Leonid Ivanovich Sednev (1903-1941)

Leonid Ivanovich Sednev was a chef’s assistant who, together with his uncle Ivan Dmitriyevich Sednev, served Emperor Nicholas II and his family during their exile in Tobolsk and Ekaterinburg from 1917 to 1918.

Six hours before the Imperial family and their four retainers were murdered in the cellar of the Ipatiev House on the night of 16/17 July 1918, Sednev was taken to a neighboring house, where he was held until 20th July. Officials from the Ural Regional Soviet then shipped him off to live with relatives in Kaluga.

In her final diary entry on 16th July 1918, Empress Alexandra Fedorovna noted: “… Suddenly Lenka [Leonid’s nackname] Sednev was fetched to go and see his uncle and flew off – wonder whether it’s true and we shall see the boy back again! …”

There are conflicting accounts of his ultimate fate; according to one report, he was shot in 1929 in Yaroslavl on charges of participating in a counter-revolutionary conspiracy, while other evidence suggests that he was killed during the Battle of Moscow in 1941; however, according to the obd-memorial.ru (CAMO) web site, he was executed on the verdict of the tribunal of the Bryansk Front for an unspecified crime on 17 July 1942, exactly 24 years to the day the Tsar and his family were murdered.
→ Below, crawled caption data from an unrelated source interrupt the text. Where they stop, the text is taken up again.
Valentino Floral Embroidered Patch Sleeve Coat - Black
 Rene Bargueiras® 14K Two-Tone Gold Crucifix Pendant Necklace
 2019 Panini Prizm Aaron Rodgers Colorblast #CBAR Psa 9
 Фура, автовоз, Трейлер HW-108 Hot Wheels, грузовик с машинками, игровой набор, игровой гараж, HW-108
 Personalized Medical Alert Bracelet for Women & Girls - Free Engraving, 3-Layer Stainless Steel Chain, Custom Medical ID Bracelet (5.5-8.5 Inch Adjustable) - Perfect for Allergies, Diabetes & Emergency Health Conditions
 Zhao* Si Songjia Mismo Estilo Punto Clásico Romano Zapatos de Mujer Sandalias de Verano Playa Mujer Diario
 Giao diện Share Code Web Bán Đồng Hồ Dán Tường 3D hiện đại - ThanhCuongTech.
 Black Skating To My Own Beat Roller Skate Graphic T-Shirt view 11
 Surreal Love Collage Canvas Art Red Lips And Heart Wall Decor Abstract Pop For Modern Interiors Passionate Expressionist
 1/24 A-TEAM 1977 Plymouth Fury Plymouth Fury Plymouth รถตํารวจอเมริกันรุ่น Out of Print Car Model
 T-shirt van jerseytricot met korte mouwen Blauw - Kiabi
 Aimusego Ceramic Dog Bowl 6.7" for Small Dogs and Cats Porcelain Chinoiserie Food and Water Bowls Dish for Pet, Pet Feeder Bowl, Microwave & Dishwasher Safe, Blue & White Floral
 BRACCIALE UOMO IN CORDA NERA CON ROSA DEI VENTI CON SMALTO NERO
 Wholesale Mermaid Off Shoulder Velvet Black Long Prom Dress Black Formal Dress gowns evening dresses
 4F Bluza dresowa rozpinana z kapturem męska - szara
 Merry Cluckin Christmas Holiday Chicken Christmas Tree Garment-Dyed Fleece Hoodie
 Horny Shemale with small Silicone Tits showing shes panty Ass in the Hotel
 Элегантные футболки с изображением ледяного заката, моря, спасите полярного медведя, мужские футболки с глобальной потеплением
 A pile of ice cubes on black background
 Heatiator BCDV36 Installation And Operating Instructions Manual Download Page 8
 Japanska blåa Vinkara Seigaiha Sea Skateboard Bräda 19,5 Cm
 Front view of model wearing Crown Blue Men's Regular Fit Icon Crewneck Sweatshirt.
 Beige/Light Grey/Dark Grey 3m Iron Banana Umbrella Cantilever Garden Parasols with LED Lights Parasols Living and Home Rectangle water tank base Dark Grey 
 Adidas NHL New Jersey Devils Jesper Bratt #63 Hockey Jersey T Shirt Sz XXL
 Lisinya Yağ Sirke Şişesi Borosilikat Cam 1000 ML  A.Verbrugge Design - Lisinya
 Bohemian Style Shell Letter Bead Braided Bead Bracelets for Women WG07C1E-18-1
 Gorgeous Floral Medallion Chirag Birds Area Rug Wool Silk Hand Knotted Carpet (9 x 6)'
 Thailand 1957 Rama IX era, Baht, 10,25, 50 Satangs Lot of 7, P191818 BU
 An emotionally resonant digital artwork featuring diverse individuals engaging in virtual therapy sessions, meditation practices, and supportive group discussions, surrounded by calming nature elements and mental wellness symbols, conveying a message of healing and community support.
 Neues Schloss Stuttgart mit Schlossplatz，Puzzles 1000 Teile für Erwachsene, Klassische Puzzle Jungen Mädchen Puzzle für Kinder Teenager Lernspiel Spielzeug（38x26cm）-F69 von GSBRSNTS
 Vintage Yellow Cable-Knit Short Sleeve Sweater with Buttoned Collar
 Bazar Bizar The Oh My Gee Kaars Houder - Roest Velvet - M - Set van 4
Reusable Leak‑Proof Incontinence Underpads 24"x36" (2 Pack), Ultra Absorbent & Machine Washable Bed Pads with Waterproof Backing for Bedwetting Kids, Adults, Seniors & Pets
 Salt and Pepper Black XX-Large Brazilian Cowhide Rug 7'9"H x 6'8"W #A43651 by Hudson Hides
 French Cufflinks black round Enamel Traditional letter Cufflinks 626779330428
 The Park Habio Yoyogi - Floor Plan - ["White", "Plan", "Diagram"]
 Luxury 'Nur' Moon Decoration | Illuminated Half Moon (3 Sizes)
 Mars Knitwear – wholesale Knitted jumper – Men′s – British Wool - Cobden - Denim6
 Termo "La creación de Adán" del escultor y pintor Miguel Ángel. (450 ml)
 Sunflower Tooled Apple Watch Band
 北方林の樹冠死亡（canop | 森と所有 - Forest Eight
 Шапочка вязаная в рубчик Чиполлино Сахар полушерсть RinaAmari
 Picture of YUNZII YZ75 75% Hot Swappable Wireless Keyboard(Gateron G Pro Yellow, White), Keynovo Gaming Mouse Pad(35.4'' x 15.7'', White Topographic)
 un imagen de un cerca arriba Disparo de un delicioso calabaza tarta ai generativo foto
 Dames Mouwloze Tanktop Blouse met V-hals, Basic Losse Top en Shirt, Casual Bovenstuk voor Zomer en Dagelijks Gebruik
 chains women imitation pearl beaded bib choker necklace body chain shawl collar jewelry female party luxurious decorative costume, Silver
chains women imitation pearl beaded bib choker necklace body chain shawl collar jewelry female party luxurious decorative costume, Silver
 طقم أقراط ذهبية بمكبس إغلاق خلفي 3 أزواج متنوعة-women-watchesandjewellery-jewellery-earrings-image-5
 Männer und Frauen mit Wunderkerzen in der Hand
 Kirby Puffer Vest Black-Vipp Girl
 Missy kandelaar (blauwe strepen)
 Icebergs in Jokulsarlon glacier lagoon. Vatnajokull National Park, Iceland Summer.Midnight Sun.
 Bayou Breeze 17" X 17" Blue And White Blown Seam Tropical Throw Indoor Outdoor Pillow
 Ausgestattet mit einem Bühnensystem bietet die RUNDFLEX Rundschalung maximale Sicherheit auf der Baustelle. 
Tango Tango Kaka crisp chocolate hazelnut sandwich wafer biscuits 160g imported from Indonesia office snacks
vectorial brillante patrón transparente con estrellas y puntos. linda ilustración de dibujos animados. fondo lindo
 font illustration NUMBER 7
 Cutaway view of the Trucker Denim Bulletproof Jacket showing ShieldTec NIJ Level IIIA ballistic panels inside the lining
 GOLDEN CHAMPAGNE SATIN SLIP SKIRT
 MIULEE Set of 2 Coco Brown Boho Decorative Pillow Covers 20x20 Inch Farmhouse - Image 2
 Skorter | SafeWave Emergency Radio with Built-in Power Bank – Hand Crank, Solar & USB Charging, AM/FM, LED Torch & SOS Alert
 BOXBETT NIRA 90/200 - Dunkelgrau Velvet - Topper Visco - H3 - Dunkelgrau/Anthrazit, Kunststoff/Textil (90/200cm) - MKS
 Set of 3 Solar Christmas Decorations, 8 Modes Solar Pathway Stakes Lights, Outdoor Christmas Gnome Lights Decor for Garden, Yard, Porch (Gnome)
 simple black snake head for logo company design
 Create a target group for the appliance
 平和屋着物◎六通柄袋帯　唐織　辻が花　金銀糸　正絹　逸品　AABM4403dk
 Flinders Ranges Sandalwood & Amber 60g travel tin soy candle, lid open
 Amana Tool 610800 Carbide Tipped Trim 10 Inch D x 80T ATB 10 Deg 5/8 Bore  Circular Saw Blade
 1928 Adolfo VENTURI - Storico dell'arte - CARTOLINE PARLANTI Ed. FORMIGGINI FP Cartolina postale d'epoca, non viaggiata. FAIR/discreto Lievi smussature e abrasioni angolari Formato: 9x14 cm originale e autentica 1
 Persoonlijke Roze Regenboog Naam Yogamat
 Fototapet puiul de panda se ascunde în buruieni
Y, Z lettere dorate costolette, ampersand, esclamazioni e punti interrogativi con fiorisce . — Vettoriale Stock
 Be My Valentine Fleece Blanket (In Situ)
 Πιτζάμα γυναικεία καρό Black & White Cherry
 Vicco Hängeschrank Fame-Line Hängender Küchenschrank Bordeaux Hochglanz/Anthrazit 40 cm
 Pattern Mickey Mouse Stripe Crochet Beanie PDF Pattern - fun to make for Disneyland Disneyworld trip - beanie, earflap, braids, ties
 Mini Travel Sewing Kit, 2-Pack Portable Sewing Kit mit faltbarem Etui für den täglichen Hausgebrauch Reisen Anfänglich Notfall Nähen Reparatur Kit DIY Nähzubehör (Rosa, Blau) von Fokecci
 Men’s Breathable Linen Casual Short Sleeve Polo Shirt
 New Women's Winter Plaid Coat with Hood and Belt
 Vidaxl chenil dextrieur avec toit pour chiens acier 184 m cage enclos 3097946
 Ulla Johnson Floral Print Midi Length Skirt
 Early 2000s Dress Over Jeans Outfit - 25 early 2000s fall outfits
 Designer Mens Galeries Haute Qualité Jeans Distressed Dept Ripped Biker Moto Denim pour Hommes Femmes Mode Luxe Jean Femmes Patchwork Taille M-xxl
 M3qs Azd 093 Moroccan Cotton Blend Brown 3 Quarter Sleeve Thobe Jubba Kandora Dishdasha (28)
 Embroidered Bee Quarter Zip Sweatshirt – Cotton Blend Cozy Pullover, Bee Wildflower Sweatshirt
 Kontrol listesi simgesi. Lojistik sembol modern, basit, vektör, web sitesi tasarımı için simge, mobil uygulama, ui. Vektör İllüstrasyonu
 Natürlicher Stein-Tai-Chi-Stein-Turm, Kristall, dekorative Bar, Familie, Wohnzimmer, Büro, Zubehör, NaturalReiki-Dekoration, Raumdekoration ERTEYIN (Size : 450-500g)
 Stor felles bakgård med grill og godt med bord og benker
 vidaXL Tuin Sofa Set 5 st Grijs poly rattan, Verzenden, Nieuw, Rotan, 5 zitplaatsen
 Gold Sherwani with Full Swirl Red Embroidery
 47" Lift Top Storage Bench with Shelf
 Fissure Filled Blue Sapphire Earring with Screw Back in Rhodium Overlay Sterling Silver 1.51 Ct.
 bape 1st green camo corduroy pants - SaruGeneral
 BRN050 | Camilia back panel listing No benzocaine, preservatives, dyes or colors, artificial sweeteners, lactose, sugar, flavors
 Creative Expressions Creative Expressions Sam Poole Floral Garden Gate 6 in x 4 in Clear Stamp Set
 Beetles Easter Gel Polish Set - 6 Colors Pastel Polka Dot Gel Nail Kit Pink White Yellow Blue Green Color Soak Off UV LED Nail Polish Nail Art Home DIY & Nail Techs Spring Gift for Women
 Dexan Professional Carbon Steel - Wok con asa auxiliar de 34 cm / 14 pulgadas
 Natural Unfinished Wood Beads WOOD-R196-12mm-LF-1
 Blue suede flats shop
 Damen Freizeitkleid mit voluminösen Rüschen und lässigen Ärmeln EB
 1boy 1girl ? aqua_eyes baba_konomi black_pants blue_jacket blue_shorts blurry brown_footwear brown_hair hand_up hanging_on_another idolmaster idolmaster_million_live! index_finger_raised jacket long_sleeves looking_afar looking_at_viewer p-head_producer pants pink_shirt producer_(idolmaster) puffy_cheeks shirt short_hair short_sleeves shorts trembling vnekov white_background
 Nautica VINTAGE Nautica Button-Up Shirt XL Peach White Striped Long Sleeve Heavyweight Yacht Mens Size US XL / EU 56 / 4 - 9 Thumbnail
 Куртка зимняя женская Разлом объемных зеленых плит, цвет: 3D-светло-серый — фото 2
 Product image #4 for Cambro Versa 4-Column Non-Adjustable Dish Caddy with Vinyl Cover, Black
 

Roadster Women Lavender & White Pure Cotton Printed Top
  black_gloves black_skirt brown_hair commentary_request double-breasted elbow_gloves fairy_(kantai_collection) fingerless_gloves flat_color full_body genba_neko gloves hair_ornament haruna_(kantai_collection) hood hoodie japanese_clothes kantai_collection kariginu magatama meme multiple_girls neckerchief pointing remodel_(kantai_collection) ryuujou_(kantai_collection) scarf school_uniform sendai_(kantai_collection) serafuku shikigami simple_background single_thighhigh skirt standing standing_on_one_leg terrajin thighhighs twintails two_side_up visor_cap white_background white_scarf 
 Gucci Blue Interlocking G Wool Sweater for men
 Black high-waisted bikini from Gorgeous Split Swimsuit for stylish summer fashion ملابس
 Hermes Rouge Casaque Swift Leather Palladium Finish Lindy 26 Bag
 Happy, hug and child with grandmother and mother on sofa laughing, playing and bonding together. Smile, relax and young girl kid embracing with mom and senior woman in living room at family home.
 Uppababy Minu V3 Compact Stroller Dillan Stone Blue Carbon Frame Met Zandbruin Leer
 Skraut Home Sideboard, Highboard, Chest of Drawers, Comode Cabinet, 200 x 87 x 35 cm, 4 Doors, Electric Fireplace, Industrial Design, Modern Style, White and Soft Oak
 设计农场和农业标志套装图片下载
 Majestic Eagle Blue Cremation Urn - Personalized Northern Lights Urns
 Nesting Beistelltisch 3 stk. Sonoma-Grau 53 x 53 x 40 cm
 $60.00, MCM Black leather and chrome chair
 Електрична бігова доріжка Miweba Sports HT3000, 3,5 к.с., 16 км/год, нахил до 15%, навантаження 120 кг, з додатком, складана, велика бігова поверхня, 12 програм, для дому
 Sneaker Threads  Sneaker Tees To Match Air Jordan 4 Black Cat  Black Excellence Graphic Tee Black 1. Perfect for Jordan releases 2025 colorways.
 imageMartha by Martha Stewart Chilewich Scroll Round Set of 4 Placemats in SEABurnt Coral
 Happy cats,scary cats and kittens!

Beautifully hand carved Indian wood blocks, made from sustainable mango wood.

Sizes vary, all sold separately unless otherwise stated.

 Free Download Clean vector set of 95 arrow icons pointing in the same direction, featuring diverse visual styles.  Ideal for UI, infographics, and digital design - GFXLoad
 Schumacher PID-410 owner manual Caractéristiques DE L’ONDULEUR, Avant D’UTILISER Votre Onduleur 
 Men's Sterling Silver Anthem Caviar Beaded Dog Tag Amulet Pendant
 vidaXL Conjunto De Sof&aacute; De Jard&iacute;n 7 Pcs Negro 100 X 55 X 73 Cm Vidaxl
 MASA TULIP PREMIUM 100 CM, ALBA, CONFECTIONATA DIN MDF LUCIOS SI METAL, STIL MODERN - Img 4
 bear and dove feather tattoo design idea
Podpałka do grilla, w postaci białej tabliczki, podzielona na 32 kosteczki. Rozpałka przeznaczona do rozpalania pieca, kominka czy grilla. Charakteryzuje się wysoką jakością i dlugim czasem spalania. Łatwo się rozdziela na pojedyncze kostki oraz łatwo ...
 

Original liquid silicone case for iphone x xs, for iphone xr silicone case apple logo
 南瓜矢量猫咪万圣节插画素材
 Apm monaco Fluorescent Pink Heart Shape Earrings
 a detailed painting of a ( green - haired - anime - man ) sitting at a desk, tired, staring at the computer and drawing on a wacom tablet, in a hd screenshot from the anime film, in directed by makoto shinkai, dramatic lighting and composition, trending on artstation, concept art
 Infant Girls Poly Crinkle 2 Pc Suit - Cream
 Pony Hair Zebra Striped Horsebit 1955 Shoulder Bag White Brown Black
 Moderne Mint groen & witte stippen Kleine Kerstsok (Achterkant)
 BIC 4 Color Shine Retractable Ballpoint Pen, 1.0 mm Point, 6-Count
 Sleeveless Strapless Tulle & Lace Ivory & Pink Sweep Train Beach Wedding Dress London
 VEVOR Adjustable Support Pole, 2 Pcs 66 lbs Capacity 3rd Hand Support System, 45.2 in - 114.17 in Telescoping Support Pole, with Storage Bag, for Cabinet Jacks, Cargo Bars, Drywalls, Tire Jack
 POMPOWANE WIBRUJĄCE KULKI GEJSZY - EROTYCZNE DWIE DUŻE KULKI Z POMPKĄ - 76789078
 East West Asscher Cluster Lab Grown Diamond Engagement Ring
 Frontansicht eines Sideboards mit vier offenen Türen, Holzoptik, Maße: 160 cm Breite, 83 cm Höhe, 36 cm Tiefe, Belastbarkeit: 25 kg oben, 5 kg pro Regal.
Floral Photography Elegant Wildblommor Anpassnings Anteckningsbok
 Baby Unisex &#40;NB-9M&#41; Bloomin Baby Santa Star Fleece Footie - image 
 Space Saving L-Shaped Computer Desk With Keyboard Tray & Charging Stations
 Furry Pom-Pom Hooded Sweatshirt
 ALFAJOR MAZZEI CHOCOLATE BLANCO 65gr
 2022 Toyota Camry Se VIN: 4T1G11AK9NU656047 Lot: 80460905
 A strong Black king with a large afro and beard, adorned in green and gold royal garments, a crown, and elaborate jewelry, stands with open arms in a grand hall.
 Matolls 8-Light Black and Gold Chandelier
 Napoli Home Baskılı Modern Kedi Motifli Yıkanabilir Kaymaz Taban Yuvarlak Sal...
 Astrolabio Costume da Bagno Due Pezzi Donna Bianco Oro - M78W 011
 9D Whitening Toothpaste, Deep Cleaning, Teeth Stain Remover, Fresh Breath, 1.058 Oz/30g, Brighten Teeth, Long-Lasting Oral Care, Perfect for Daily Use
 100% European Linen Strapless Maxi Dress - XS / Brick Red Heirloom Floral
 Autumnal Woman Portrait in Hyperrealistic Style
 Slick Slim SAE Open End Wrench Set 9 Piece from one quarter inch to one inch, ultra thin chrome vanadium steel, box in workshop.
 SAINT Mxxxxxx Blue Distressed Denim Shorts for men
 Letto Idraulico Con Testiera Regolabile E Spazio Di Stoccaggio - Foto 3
In 2004, author Robert Alexander wrote The Kitchen Boy, an historical novel which recreates the final days of the Tsar and his family as seen through the eyes of Leonid Sednev.

Alexei Andreyevich Volkov (1859-1929)

As a young man, Alexei Andreyevich Volkov entered the Russian Imperial Army and rose through the ranks. He was on guard and witnessed the assassination of Emperor Alexander II in 1881. Later he served as a military instructor to the future emperor Nicholas II. From 1886, he was in service to Grand Duke Paul Alexandrovich. In 1910 he was appointed valet at the court of Nicholas II. In addition, he was Empress Alexandra Feodorovna’s personal servant and often pushed her wheelchair.

In August 1917, Volkov followed the Tsar and his family into exile to Tobolsk, but was later separated from them at Ekaterinburg and imprisoned at Perm. There, he heard that the Emperor had been murdered by the Bolsheviks, though he was unaware that the Empress and their children had also been shot.

On 4th September 1918, he was taken from his prison cell in the middle of the night and led to the prison office, where he saw lady-in-waiting Anastasia Hendrikova and the elderly tutor Catherine Schneider. They were joined by eight other prisoners, and an escort of twenty-two guards.

Volkov asked a guard where they were being taken and was told they were being taken “to the house of arrest.” Hendrikova, who had been in the washroom, asked a guard the same question when she came out. She was told they were being taken “to the central prison.” Hendrikova asked him, “and from there?” The guard replied, “Well! to Moscow.” Hendrikova repeated this conversation to her fellow prisoners and made the sign of the cross with her fingers. Volkov took her gesture to mean “they will not shoot us.”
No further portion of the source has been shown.